流行歌の文法チェック
ちょっと古いが、言わせてもらおう。
- 月にやるせぬ わが想い(影を慕いて)
「やるせない」とはいうが、「やるせぬ」とは言わない。「やるせない」は形容詞だから、助動詞の「ぬ」はつかぬ。
- 雪にかわりがないじゃなし(お座敷小唄)
まったくのデタラメ。確信犯による日本語破壊。
- やると思えばどこまでやるさ(人生劇場)
ホントにどこまでやるの?
- 義理がすたればこの世は闇だ(人生劇場)
「すたれれば」が正しい。「廃れる」は下一段活用であって、五段活用ではない。「廃る」という五段活用の言葉もあるが、普通、仮定形では使わない。
- なのによ〜、なぜに目に浮く潮来笠(潮来笠)
「目に浮かぶ」とは言うが、「目に浮く」とは言わない。日本語って難しい。
- てんとう虫がしゃしゃり出て(てんとう虫のサンバ)
これは文法的には間違いではないが、「しゃしゃり出て」という語感の汚さ。なぜ「進み出て」ではいけないのか。可愛い女の子が、この歌のこの部分を歌う時、私はいたたまれない気持ちになる。
- 花の東京のド真ん中(恋の山手線)
本当の東京人は「ド真ん中」とは決して言わない。「東京のまん真ん中、大阪のド真ん中」である。

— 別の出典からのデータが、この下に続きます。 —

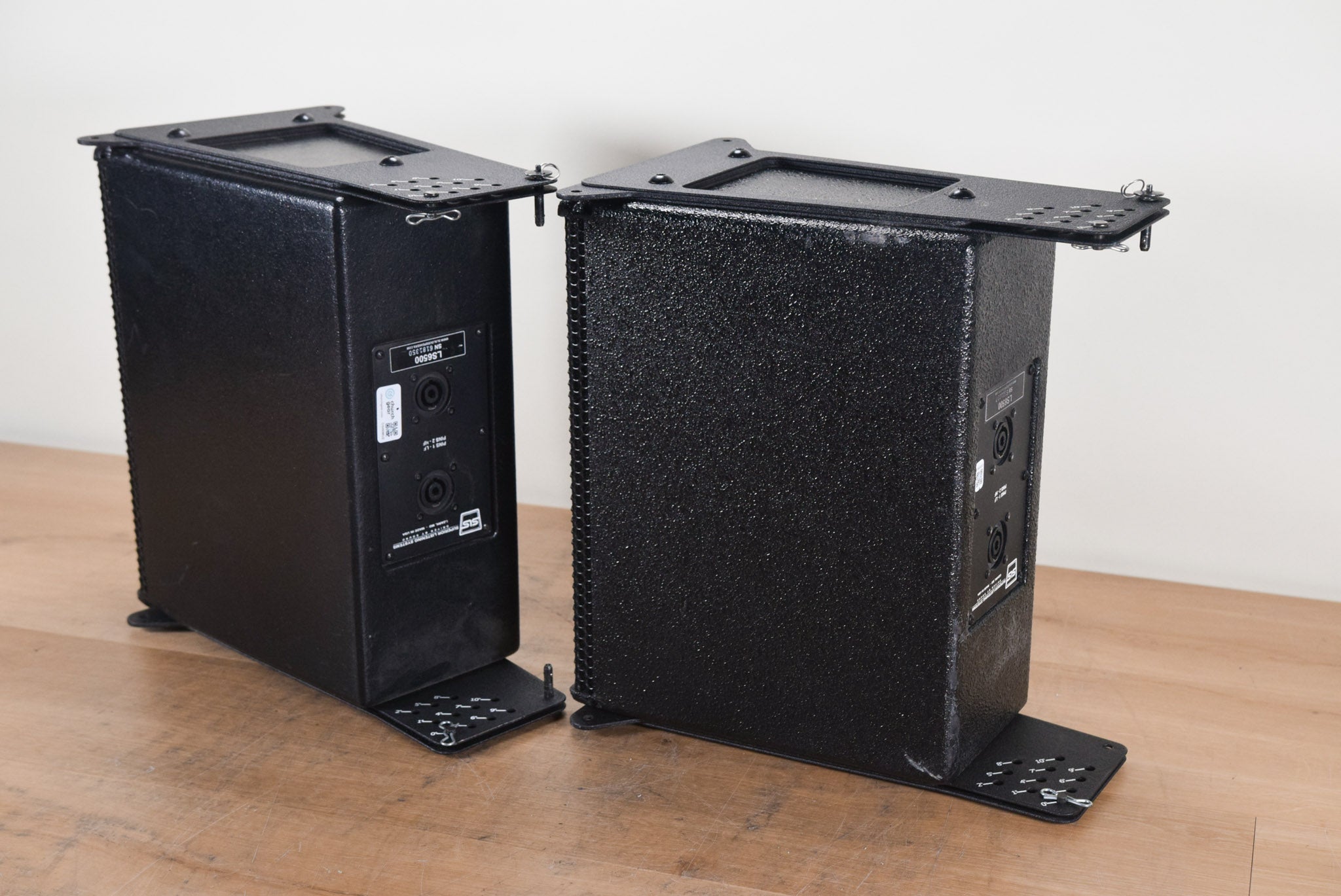 SLS LS6500 Full-Range Bi-Amped Line Array Module (PAIR)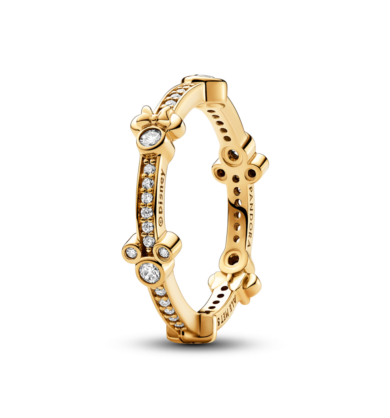 טבעת ציפוי זהב איטרניטי מיקי ומיני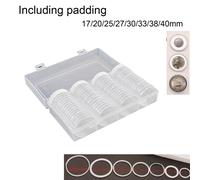 L'organizzatore portamonete premium contiene 60 monete con scatola di immagazzin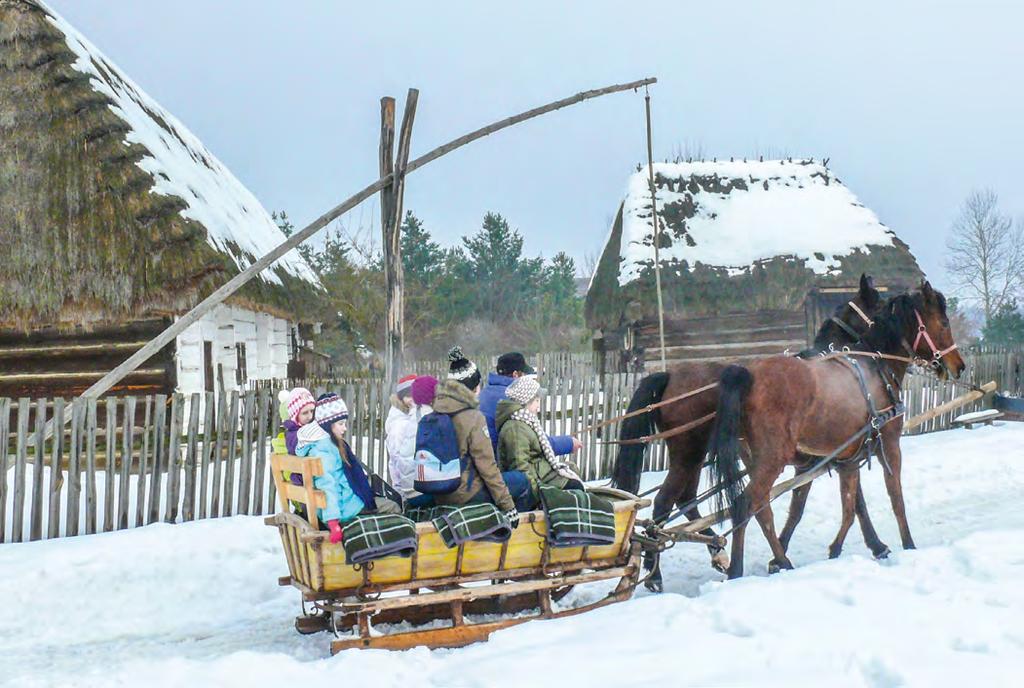 Gospodarstwo agroturystyzzne Przystań u Agnieszki w Hucie Podłysicy Huta Podłysica 6, 26-004 Bieliny +48 41 302 58 33, 692 696 897 kuligi dla nawet 60 osób, na zboczu Łysogór, tuż poniżej granicy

まあ、この他にもたくさんあるけどね。文語と口語がまぜこぜになっているもの(谷村新司や堀内孝雄の歌によくある)も、日本語としては、ほんとうは皆、間違いだ。それでも、妙チキリンな英語が意味もなく挿入される最近の歌よりは、羞恥心を掻き立てられる度合いの少なさにおいて、昔の歌の方がまだましだ、とおじさんは思うのであった。